De toutes les explications qui nous ont été données, nous retiendrons notamment la solidité des structures développées. Les autorités tant locales, régionales (la Suède compte 20 districts) que nationales veillent à ce que les décisions et les positions qui sont prises soient bien étayées. « Confiance » est aussi un mot qui revient constamment dans la bouche de nos interlocuteurs. Sans confiance, il est impossible de bâtir une coopérative solide.
Le mot « transparence » a également été cité à plusieurs reprises. Un véritable défi dans des coopératives et fédérations qui comptent 25 000, 141 000 ou 3,5 millions de membres. Il n’est pas étonnant que, outre un site internet solide et des bulletins d’information électroniques, chaque coopérative que nous avons visitée dispose aussi de son propre pôle médias. La communication avec les membres est en effet cruciale.

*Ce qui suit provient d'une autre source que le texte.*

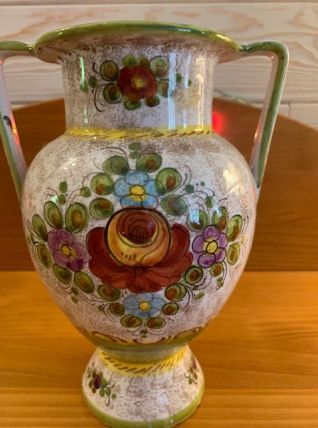Vase Deruta Italie signé vase ancien décoré main vintage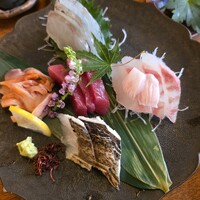 そば会席 立会川 吉田家 - 刺身5点盛り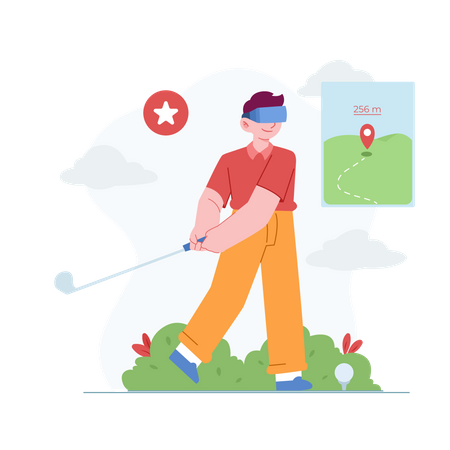 Boy playing golf using VR Tech Illustration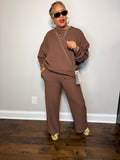 Brown Ribbed Lounge Set | Oversized Top & Wide Leg Pants
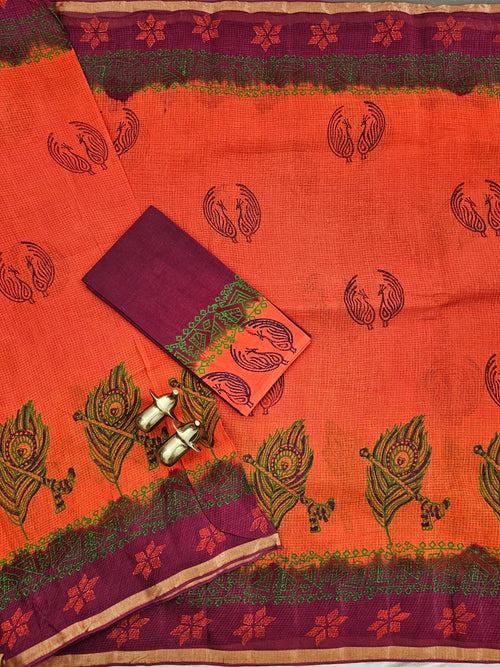 Pure Munga Checks Cotton with Hand Block Printed Sarees -  Orange with Magenta Pink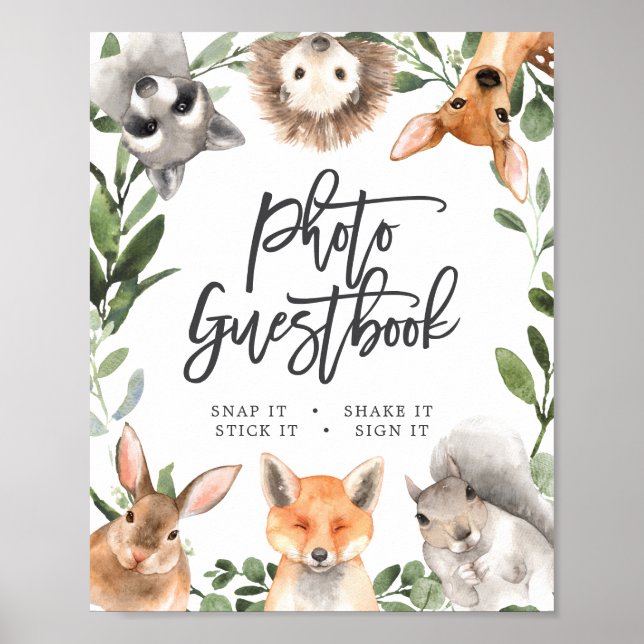 Poster Baby shower de photos d'animaux de bois (Devant)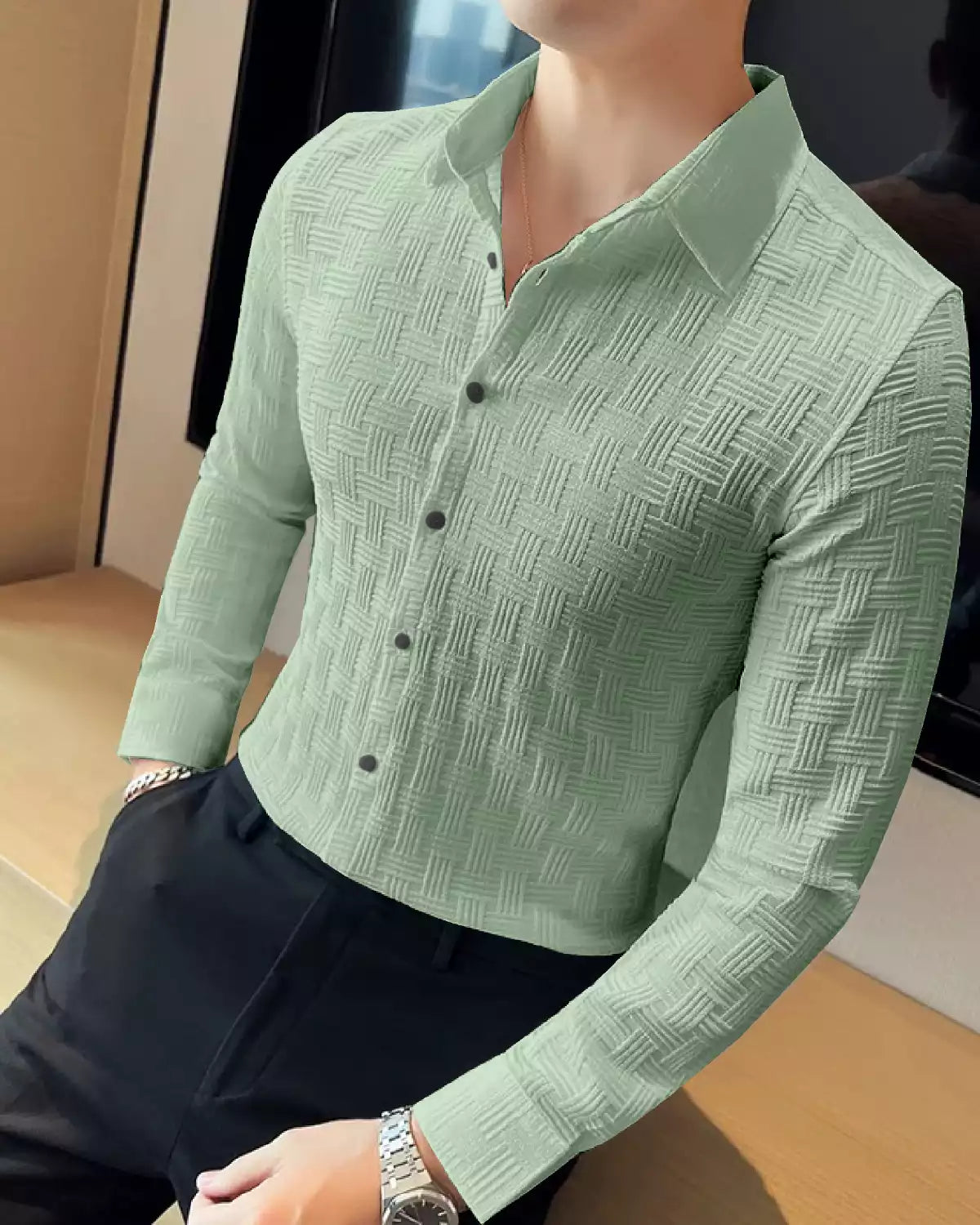 Light Green Color Full Sleeves Mens Popcorn Material Shirt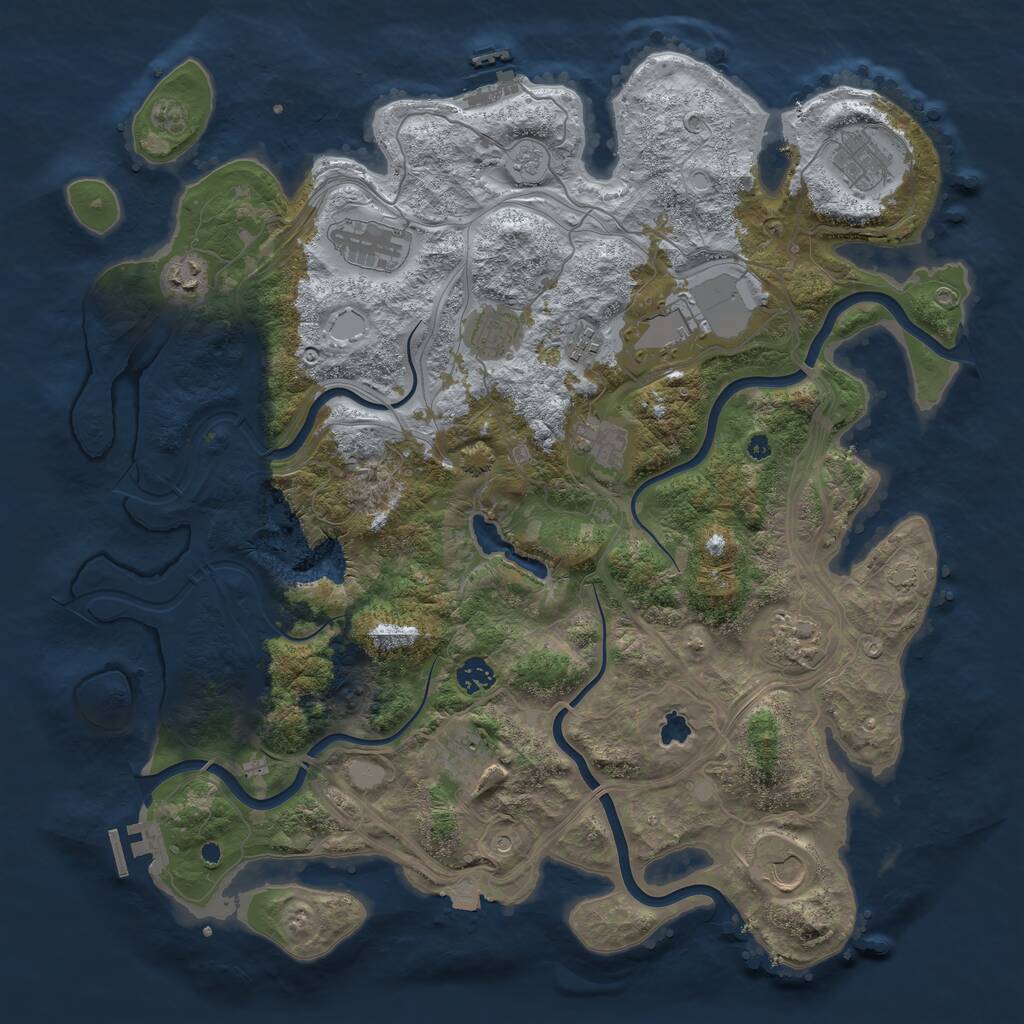 Rust Map: Procedural Map, Size: 4250, Seed: 1102330081, 17 Monuments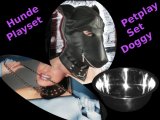 PETPLAYSET *DOGGY* - MASKE + LEINE + FRESSNAPF - Dogplay Petplay Set - Hundemaske, Leash, Napf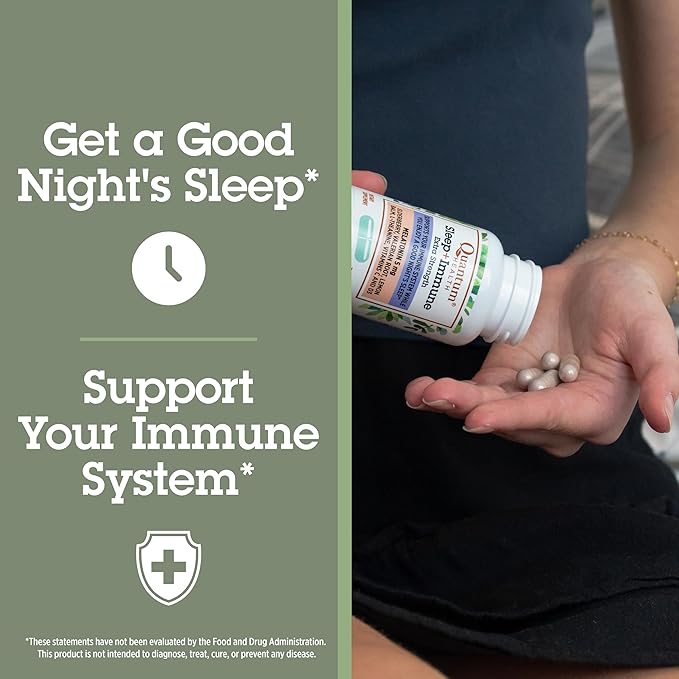 Quantum Health Sleep Immune Melatonin 5mg Support Supplement L Theanine Valerian Root + Elderberry Vitamin C & D Immunity Boost Daily Whole Body Wellness for Women & Men - 30 Capsules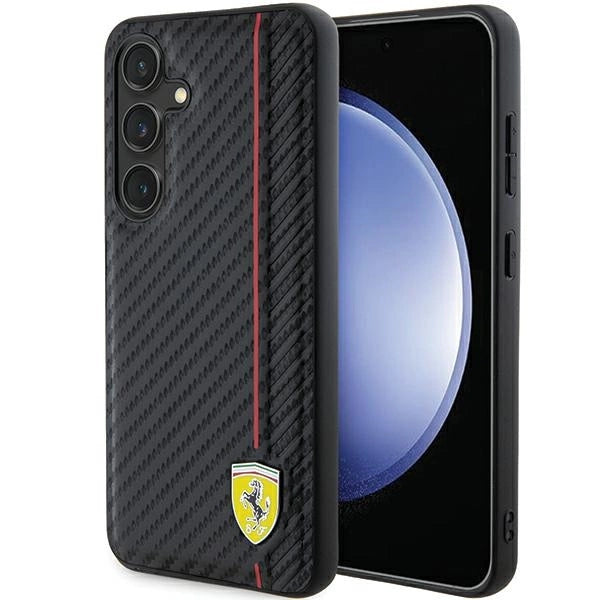 Ferrari Carbon Printed Line-kasse til Samsung Galaxy S24+ - sort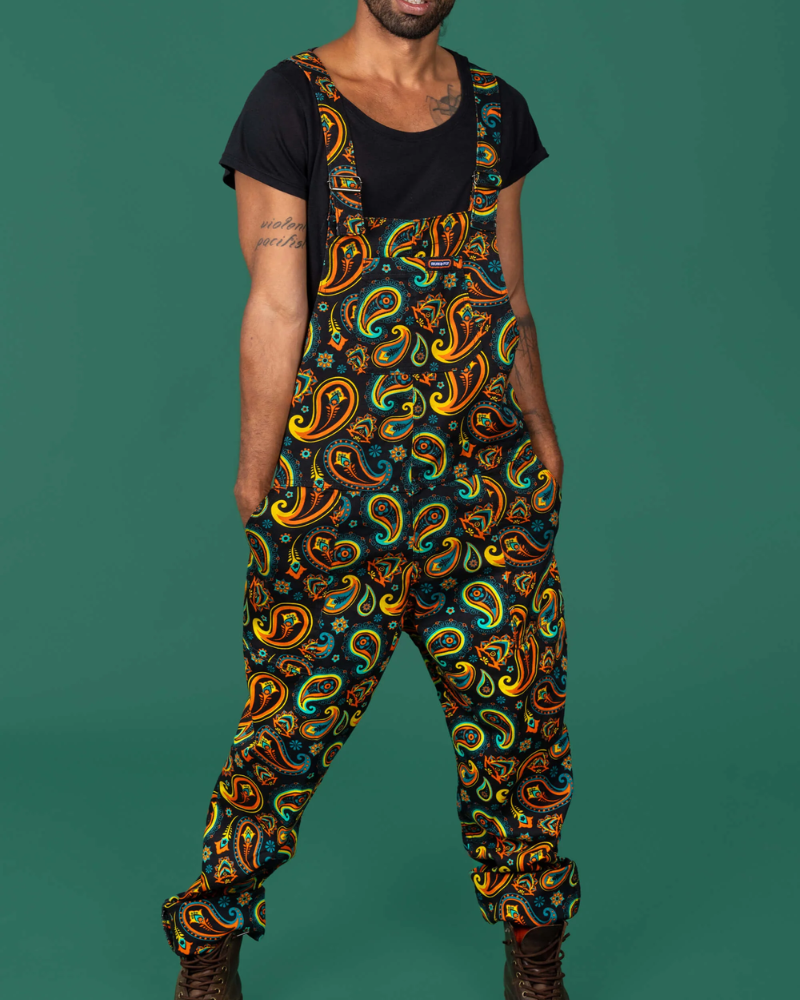 Bright Black Paisley Dungarees by Run & Fly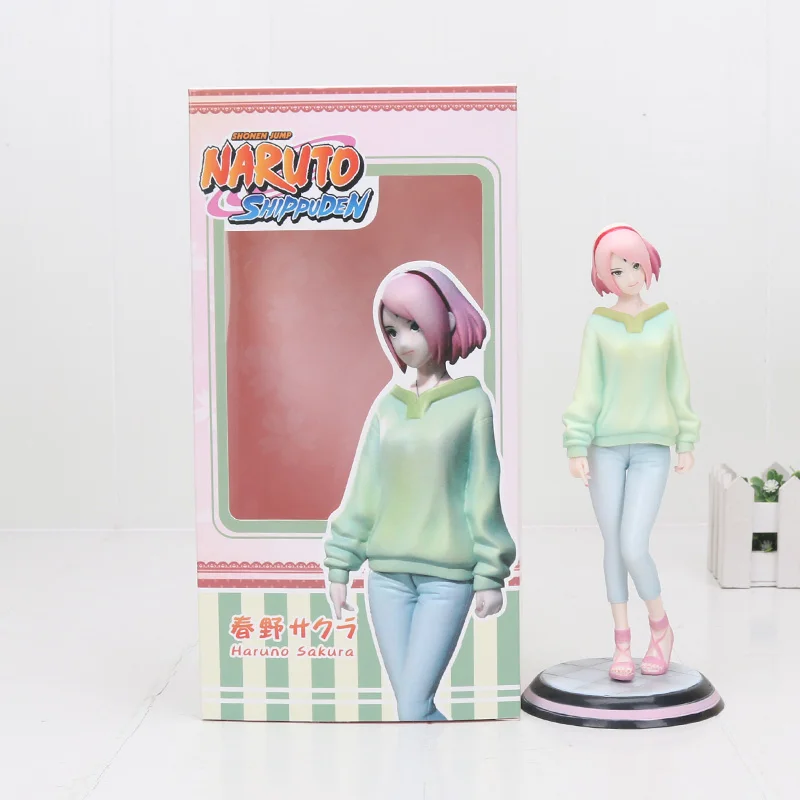 Green Clothes box Naruto Gals рисунок Tsunade Sakura Haruno Hyuuga Hinata ПВХ Фигурки Коллекция Рождественская игрушка подарок 19-20 см - Цвет: Green Clothes box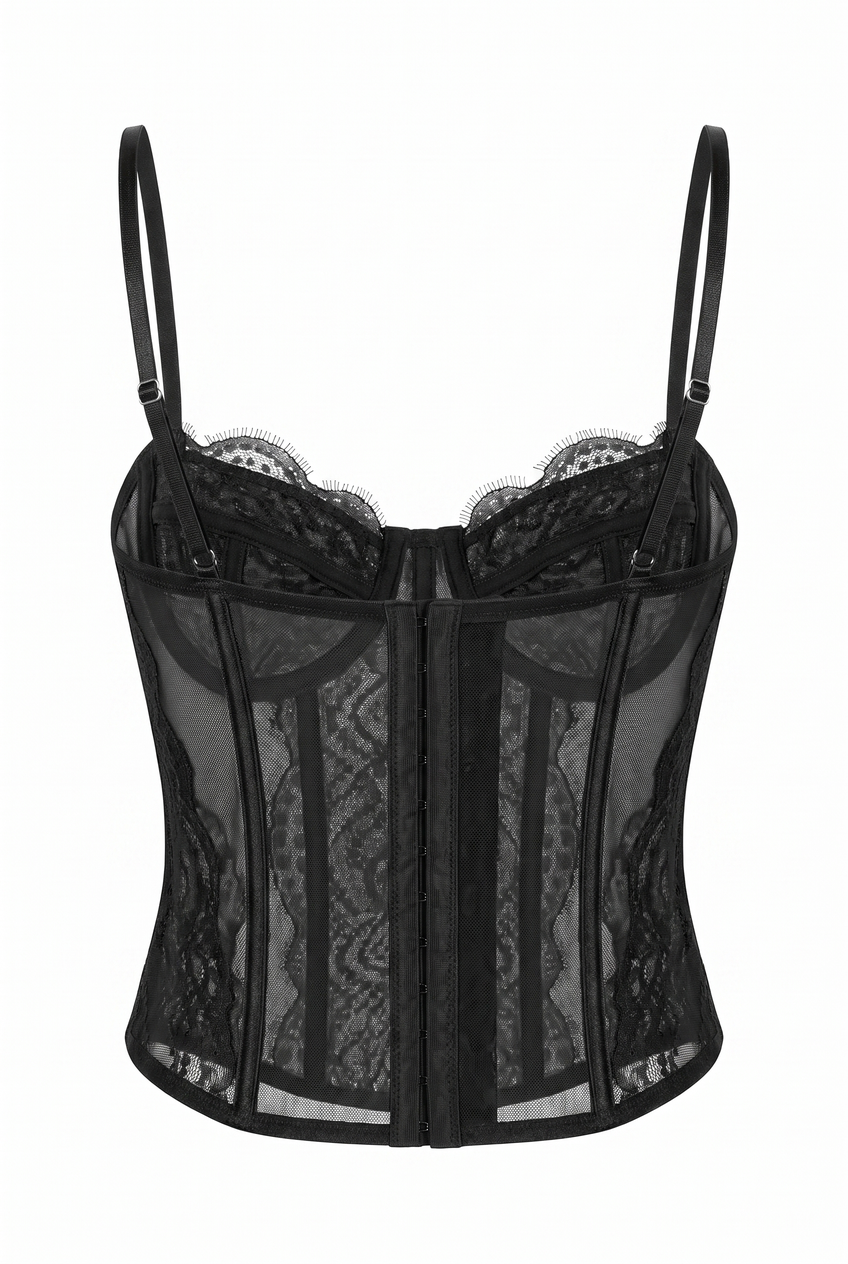 Kovelle lace bustier top in black, flat product view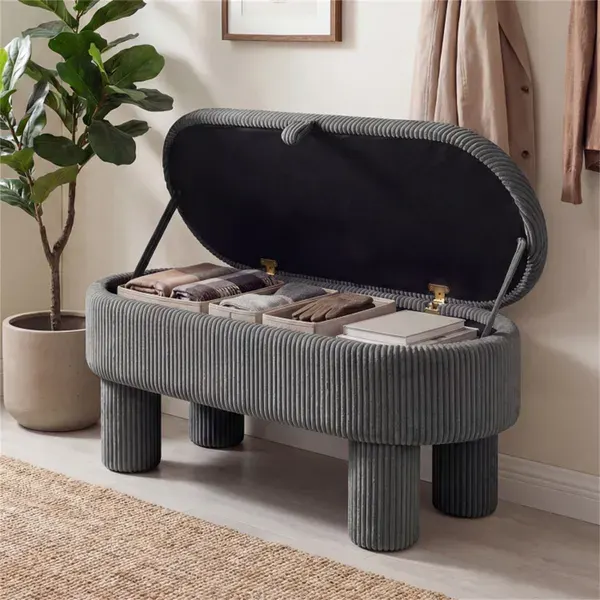 Gray 42 Inch Corduroy Storage Bench — photo 6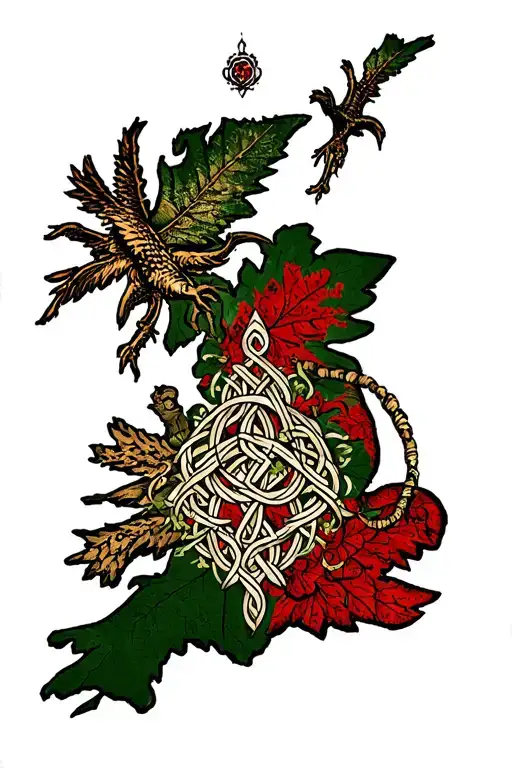 “Journey of Bloodlines” – a visual travelogue of Celtic roots crossing to Canada from Norther Ireland and Scotland  tattoo design idea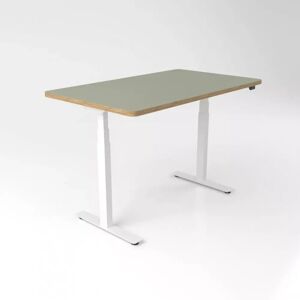 Brizley of Scandinavia Bureau assis debout Premium Plus - Linoleum, 120x70 cm, Pieds Blanc, Couleur Olive 4184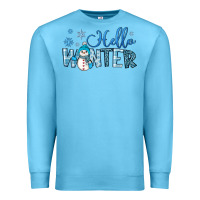 Ocean Blue hello winter Premium Sweatshirt - JahusDesignShop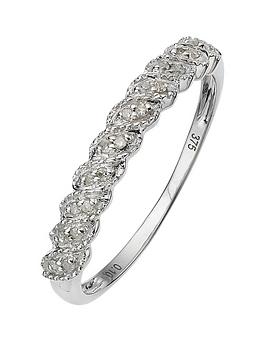 Love DIAMOND 9 Carat White Gold Diamond Half Eternity Ring, Size K, Women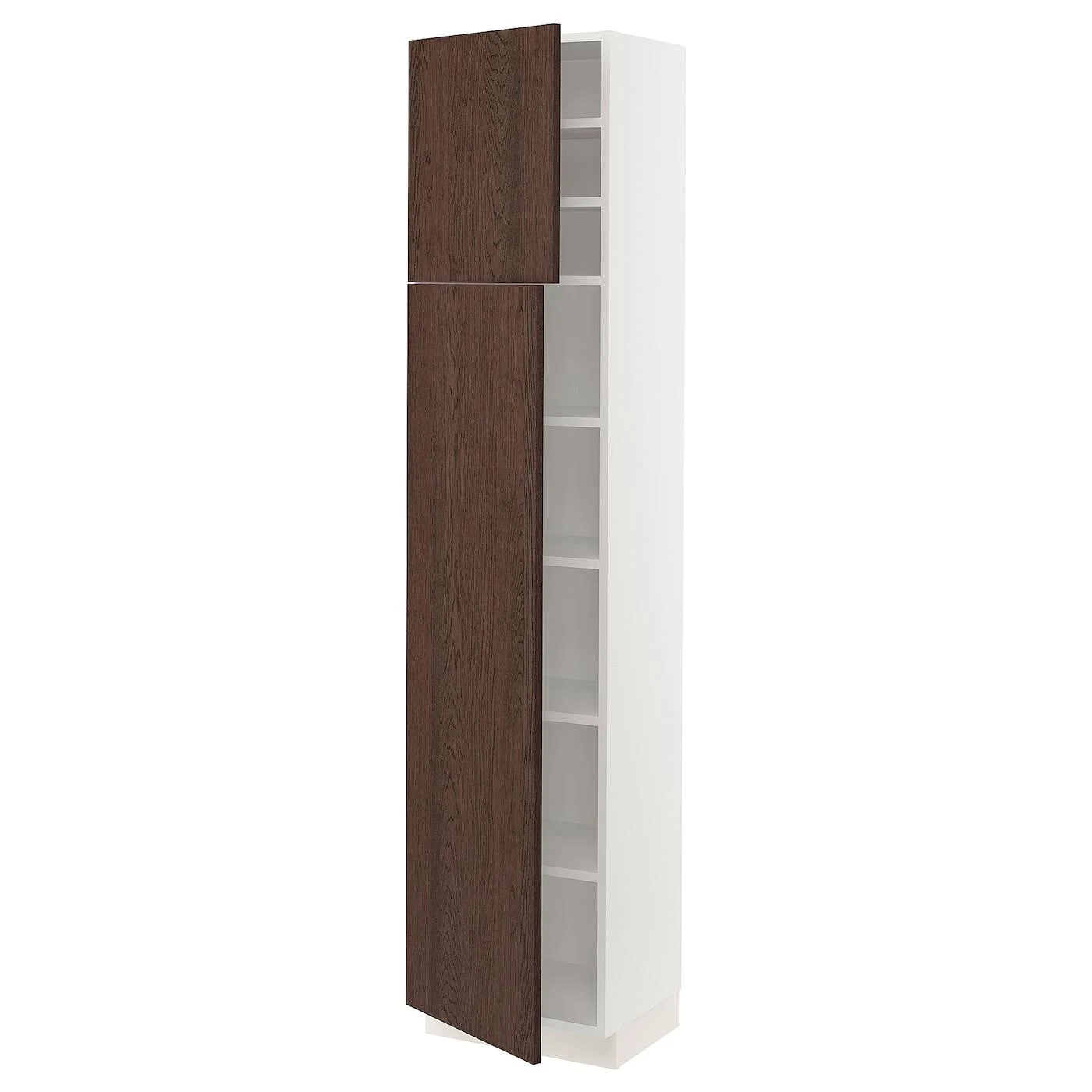 IKEA - SEKTION High Cabinet with shelves/2 Doors, white/Sinarp Brown, 18x15x80 89405422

Parmi les enseignements tirés de nos nombreuses discussions, nous retiendrons notamment l’idée selon laquelle il est préférable de rédiger les statuts et l’éventuel règlement interne en période de calme. Un message important pour les participants du Cera Coop Tour et, par extension, pour tous les acteurs de l’agroalimentaire en Belgique. Il faut utiliser les périodes où il n’y a pas de crise pour déterminer quelles sont les formes de collaboration possibles sur le long terme en vue de renforcer les entreprises concernées et de créer une situation « win-win » pour toutes les parties. Intégrer de façon structurelle les principes de base de l’entrepreneuriat coopératif permet d’accroître les chances : la priorité doit être mise sur une propriété partagée – où tous les propriétaires ont une relation transactionnelle avec la forme de collaboration/la coopération – et sur la transparence/le contrôle.
Avec son concept du Cera Coop Tour, Cera entend inspirer les gens, les entreprises et les organisations dans les domaines de la collaboration et de l'entrepreneuriat coopératif. Vous retrouverez les initiatives de Cera dans notre calendrier et dans notre newsletter Cera Coop News. Vous pouvez vous abonner à cette newsletter via le lien ci-dessous.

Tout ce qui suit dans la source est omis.